The advantages of the HUNH are multi-faceted. Casual fans and commentators tend to focus solely on the pressure it puts on a defense from a conditioning standpoint. While this is certainly important, it only scratches the surface, in my opinion. Read more about the philosophy here and here (and also here and here).
Running game - Hello Inside Zone
The Huskies rushed the ball 53 times against Boise State and averaged 5.2 yards per carry (excluding Price's sack at the end of the first half) . Bishop Sankey averaged over a yard better than that. And they did it all while running basically the same play over and over again. Out of those 53 run calls, I think at least 30-35 of them were Inside Zones.
Zone blocking isn't new, of course. It rose to prominence during the 1990s in the NFL, after having been refined by Howard Mudd and Alex Gibbs (both of whom coached the Seahawks O-line at different times, though Gibbs only briefly) from concepts that were introduced by the Man himself.
The thing that makes zone blocking especially powerful for college teams is the synergy that it creates when it is combined with shotgun and pistol spread formations and a HUNH philosophy. Obviously it enables the zone read, which is probably one of the most important and truly new ideas to come along in football in some time. That topic has absolutely been done to death, but if you really want to learn everything there is to know about the zone read, go here (but take a shower afterward).
Beyond the zone read, the other reasons zone blocking schemes are so wonderfully matched to a HUNH spread philosophy are the following:
1. Athletic and slightly leaner o-linemen thrive in zone blocking schemes. Their body types and conditioning levels are also better suited to playing at a fast pace.
2. Becoming a good zone blocking team is very repetition intensive. Programs that fully buy into the HUNH and practice the right way get more reps (many more reps) than under traditional college practice methods.

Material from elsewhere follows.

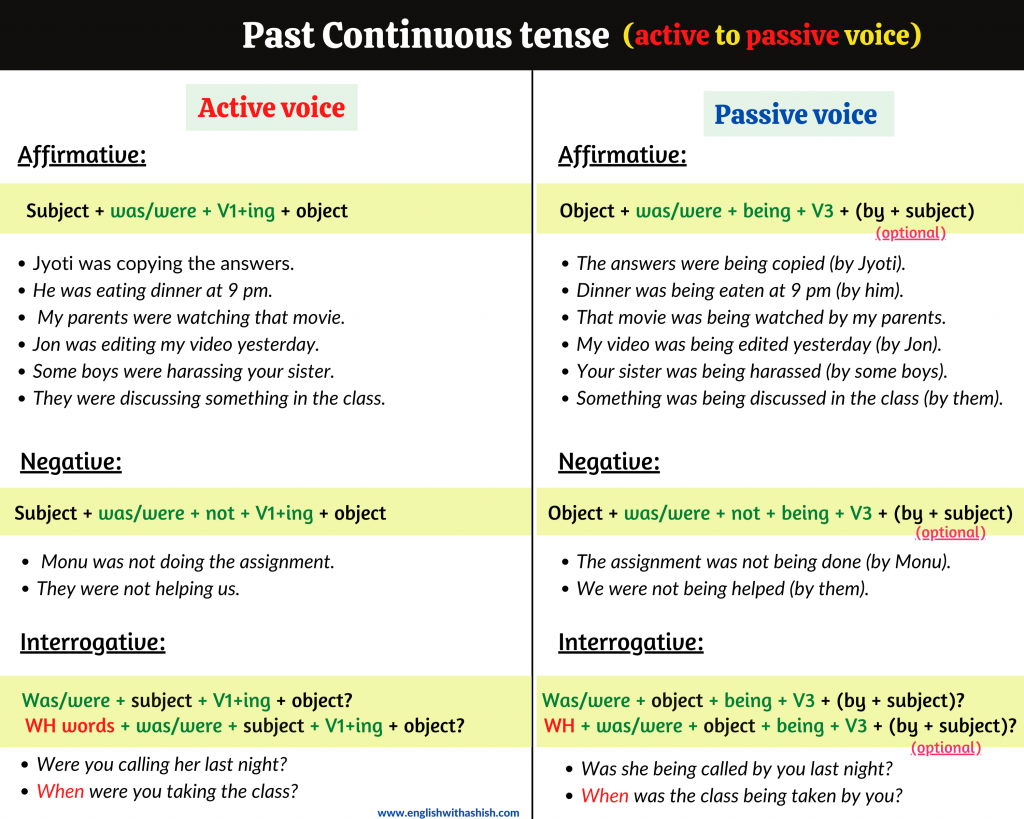 passive voice simple past examples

3. KISS factor (as in Keep it Simple Stupid). Many NFL teams and some college teams only have two running plays, inside zone and outside zone. A team that is fully committed to it can have an awesome running attack with only those two plays. That simplicity dovetails nicely with the imperative to simplify an offense in order to run it at a break-neck speed. Properly executed zone blocking also requires very little in the way of pre-snap adjustments to account for zone blitzes, stunts and slants. That also fits nicely with the HUNH.

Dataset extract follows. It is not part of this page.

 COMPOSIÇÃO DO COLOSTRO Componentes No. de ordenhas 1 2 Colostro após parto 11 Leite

There is a mountain of material available on the interwebz on the ZBS (zone blocking scheme), but you don't have to Google it for yourself. Here is a short video by football nerd/hipster/savant Scott Gerlach that is very informative and here is a pretty clear article from the always excellent Chris Brown.
Cutting Edge Stuff: Packaged Plays
Packaged plays are the other truly new development in football tactics that have come along recently. Compared to the zone read, they are still pretty nascent and cutting edge. By their very nature, they are difficult to identify on film, but based on having watched all of the offensive snaps the Huskies ran the other night multiple times, I have a strong hunch that a number of packaged concepts are part of the new Washington offense.
Once again, this fits hand in glove with the spread formations and HUNH pace that the UW is using this season. Packaged plays allow a simple call from the sidelines to result in a play that can be executed a number of ways based upon the quarterback's read of the defensive alignment, without the use of complex and time-consuming audibles or adjustments. My sense is that a number of the quick bubble screens and smoke routes that Price threw to Jaydon Mickens came on packaged plays.